(Short text fragments from websites)
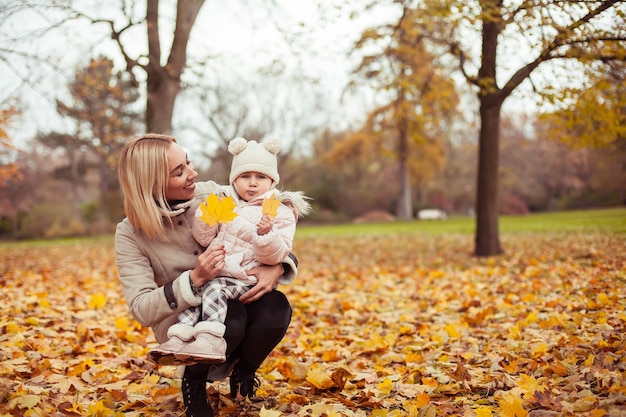 Young mother and little daughter walk in the autumn. Mom and daughter play. Warm winter. Bright autumn. Cozy.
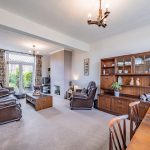 Living room with feature fireplace and doors opening to the rear garden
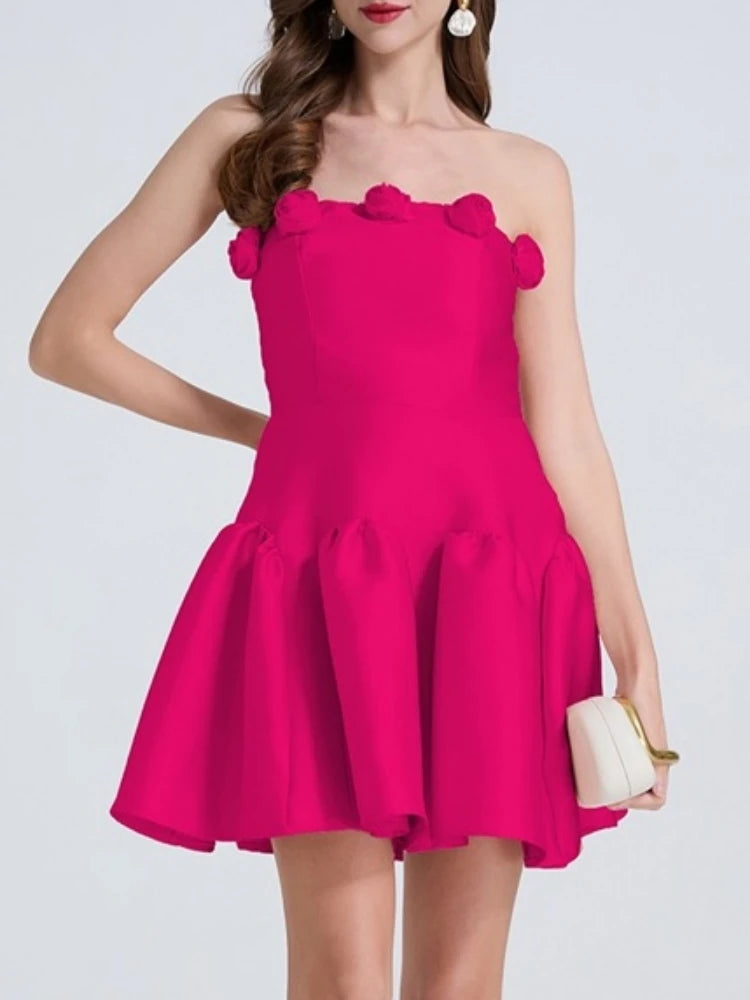 Woman wearing a bright pink dress with ruffled shoulders on a white background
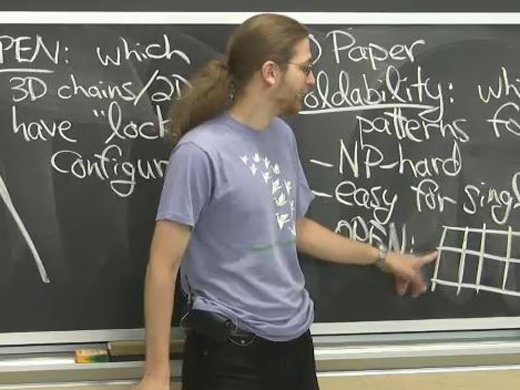 Professor Demaine in front of the chalkboard.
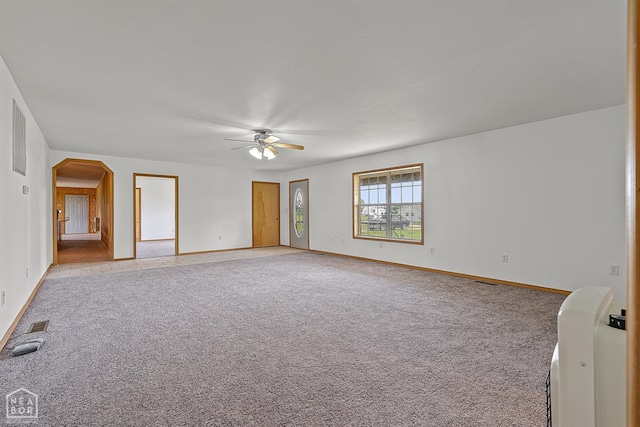 interior space with a ceiling fan, visible vents, light colored carpet, and baseboards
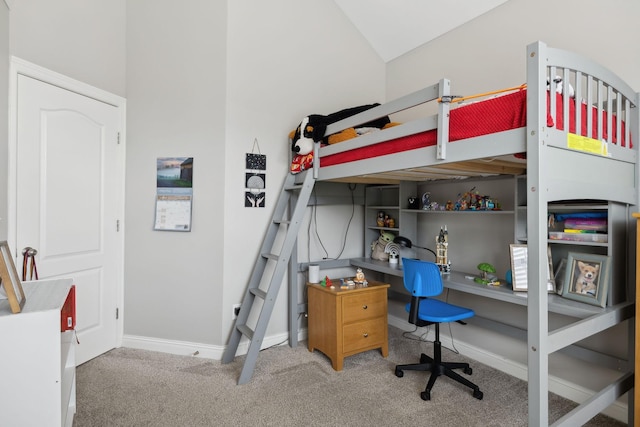 carpeted bedroom featuring baseboards and vaulted ceiling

§ DIRECTIONS FOR THIS TASK
Take the lines above from the top of the records through the one with "Professor Demaine in" and repeat them exactly, without any pictures.

§ EXERCISE ANSWER
 Young mother and little daughter walk in the autumn. Mom and daughter play. Warm winter. Bright autumn. Cozy.
 Living room with feature fireplace and doors opening to the rear garden
 Woman wearing a bright pink dress with ruffled shoulders on a white background
 Professor Demaine in front of the chalkboard.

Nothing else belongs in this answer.